It is most likely that the reduced fecundity seen in the 3-day treatment group was a result of altered epididymal function caused by disruption of steroid receptor expression. This was supported by the fact that after 6 days on the high phytoestrogen diet, fecundity was no longer reduced and there were no differences in expression of steroid receptors. After 3 days on a high phytoestrogen diet, both ERα and AR expression were decreased in the cauda epididymis. These changes were similar to those induced by the phytoestrogen genistein in the adult rat prostate (Fritz et al. 2002). In contrast, expression of both ERα and AR are up-regulated in the initial segment after 3 days of a high phytoestrogen diet. This suggests that there is differential regulation of these steroid receptors in the epidydmis. ERβ expression remained unchanged throughout the epididymis, in contrast to the prostate where it was down-regulated (Fritz et al. 2002). These findings further highlight the differential regulation of the two oestrogen receptors previously described in the male reproductive tract (Oliveira et al. 2004). The present study demonstrates, for the first time, differential regulation of the ERs in the adult epididymis. It should also be noted that it describes, for the first time, fully quantitative regional differences in gene expression of AR, ERα, and ERβ in the adult rat epididymis. Regional differences in gene expressions are well documented in the rat epididymis (Jervis & Robaire 2001) and reflect the complex changing environment that sperm experience in the epididymis in order to mature and gain their fertilising ability. The regional expression patterns of AR in the caput, corpus and cauda epididymis are similar to relative levels determined by cDNA array analysis (Jervis & Robaire 2001). Conflicting reports make the distribution of ERα and ERβ less clear. Fisher et al.(1997), Atanassova et al.(2001) and Yamashita (2004) did not detect ERα in any region of the adult rat epididymis by immunohistochemistry, while Sar & Welsch (2000) detected ERα in the initial segment only. In contrast, Hess et al. (1997b) demonstrated that immunoreactive ERα was found throughout the epididymis with the initial segment strongest, similar to the expression profile measured in the 3-day high phytoestrogen group. This may reflect the formula of the rat chow used in that study.

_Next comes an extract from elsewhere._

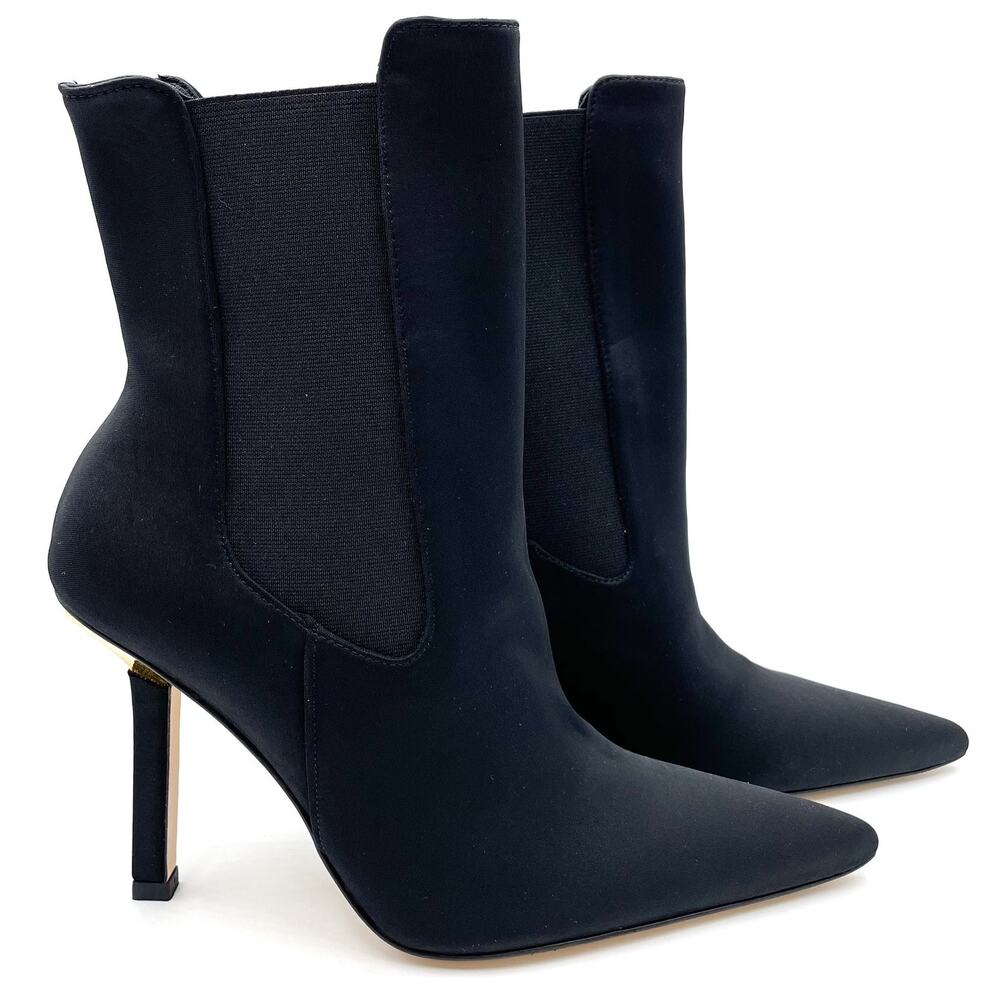 Good American High Kickstand Sock Boots Black Neoprene Stiletto Heels Sz 8.5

Disruption of oestrogen action, by the removal of functional ERα in mice (Eddy et al. 1996, Hess et al. 1997a) or the administration of an anti-oestrogen to adult rats (Oliveira et al. 2001) causes reduced fluid absorption in the excurrent duct system, leading to lumen distention and flattening of epithelial cell height. This did not appear to be a factor in this study. No change in tubule or lumen diameter was determined. Furthermore, the ratio of lumen to tubule diameters, an indication of epithelial cell height, was not affected.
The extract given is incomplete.